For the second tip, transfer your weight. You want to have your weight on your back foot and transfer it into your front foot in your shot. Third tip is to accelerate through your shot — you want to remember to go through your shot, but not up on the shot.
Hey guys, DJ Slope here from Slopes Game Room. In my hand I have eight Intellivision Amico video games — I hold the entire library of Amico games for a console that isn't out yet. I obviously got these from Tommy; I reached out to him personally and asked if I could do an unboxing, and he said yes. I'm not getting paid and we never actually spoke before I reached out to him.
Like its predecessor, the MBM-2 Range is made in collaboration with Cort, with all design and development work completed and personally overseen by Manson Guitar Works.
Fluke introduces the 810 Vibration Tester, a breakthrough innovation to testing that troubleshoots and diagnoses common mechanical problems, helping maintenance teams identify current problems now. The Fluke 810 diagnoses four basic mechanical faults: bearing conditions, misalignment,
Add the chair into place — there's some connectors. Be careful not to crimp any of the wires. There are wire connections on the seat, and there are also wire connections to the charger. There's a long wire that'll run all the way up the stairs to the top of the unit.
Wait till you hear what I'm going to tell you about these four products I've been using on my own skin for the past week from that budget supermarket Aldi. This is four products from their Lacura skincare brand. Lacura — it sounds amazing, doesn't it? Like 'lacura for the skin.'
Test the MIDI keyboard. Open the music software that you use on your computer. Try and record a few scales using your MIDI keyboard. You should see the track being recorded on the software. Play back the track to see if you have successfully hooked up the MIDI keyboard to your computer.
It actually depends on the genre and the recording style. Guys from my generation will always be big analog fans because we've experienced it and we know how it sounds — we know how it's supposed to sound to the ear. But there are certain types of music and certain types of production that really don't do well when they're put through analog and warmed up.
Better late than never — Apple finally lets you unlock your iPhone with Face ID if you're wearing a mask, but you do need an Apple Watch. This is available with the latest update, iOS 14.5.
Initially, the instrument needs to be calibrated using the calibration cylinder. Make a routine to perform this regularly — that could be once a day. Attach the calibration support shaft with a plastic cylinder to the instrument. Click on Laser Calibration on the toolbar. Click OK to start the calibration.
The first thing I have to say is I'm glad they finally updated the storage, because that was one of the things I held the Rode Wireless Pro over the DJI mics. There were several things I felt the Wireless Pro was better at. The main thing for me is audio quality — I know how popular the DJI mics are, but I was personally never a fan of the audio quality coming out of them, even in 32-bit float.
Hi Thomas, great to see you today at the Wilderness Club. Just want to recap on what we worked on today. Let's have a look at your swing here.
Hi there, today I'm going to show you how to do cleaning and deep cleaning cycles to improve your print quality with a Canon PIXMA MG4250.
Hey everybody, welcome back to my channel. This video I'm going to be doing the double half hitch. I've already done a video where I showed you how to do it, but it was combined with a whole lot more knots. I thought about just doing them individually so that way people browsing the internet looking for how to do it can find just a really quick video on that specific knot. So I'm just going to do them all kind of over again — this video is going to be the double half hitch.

● Work to complete: Return the full listing. Leave every word as it stands.

● The answer:
For the second tip, transfer your weight. You want to have your weight on your back foot and transfer it into your front foot in your shot. Third tip is to accelerate through your shot — you want to remember to go through your shot, but not up on the shot.
Hey guys, DJ Slope here from Slopes Game Room. In my hand I have eight Intellivision Amico video games — I hold the entire library of Amico games for a console that isn't out yet. I obviously got these from Tommy; I reached out to him personally and asked if I could do an unboxing, and he said yes. I'm not getting paid and we never actually spoke before I reached out to him.
Like its predecessor, the MBM-2 Range is made in collaboration with Cort, with all design and development work completed and personally overseen by Manson Guitar Works.
Fluke introduces the 810 Vibration Tester, a breakthrough innovation to testing that troubleshoots and diagnoses common mechanical problems, helping maintenance teams identify current problems now. The Fluke 810 diagnoses four basic mechanical faults: bearing conditions, misalignment,
Add the chair into place — there's some connectors. Be careful not to crimp any of the wires. There are wire connections on the seat, and there are also wire connections to the charger. There's a long wire that'll run all the way up the stairs to the top of the unit.
Wait till you hear what I'm going to tell you about these four products I've been using on my own skin for the past week from that budget supermarket Aldi. This is four products from their Lacura skincare brand. Lacura — it sounds amazing, doesn't it? Like 'lacura for the skin.'
Test the MIDI keyboard. Open the music software that you use on your computer. Try and record a few scales using your MIDI keyboard. You should see the track being recorded on the software. Play back the track to see if you have successfully hooked up the MIDI keyboard to your computer.
It actually depends on the genre and the recording style. Guys from my generation will always be big analog fans because we've experienced it and we know how it sounds — we know how it's supposed to sound to the ear. But there are certain types of music and certain types of production that really don't do well when they're put through analog and warmed up.
Better late than never — Apple finally lets you unlock your iPhone with Face ID if you're wearing a mask, but you do need an Apple Watch. This is available with the latest update, iOS 14.5.
Initially, the instrument needs to be calibrated using the calibration cylinder. Make a routine to perform this regularly — that could be once a day. Attach the calibration support shaft with a plastic cylinder to the instrument. Click on Laser Calibration on the toolbar. Click OK to start the calibration.
The first thing I have to say is I'm glad they finally updated the storage, because that was one of the things I held the Rode Wireless Pro over the DJI mics. There were several things I felt the Wireless Pro was better at. The main thing for me is audio quality — I know how popular the DJI mics are, but I was personally never a fan of the audio quality coming out of them, even in 32-bit float.
Hi Thomas, great to see you today at the Wilderness Club. Just want to recap on what we worked on today. Let's have a look at your swing here.
Hi there, today I'm going to show you how to do cleaning and deep cleaning cycles to improve your print quality with a Canon PIXMA MG4250.
Hey everybody, welcome back to my channel. This video I'm going to be doing the double half hitch. I've already done a video where I showed you how to do it, but it was combined with a whole lot more knots. I thought about just doing them individually so that way people browsing the internet looking for how to do it can find just a really quick video on that specific knot. So I'm just going to do them all kind of over again — this video is going to be the double half hitch.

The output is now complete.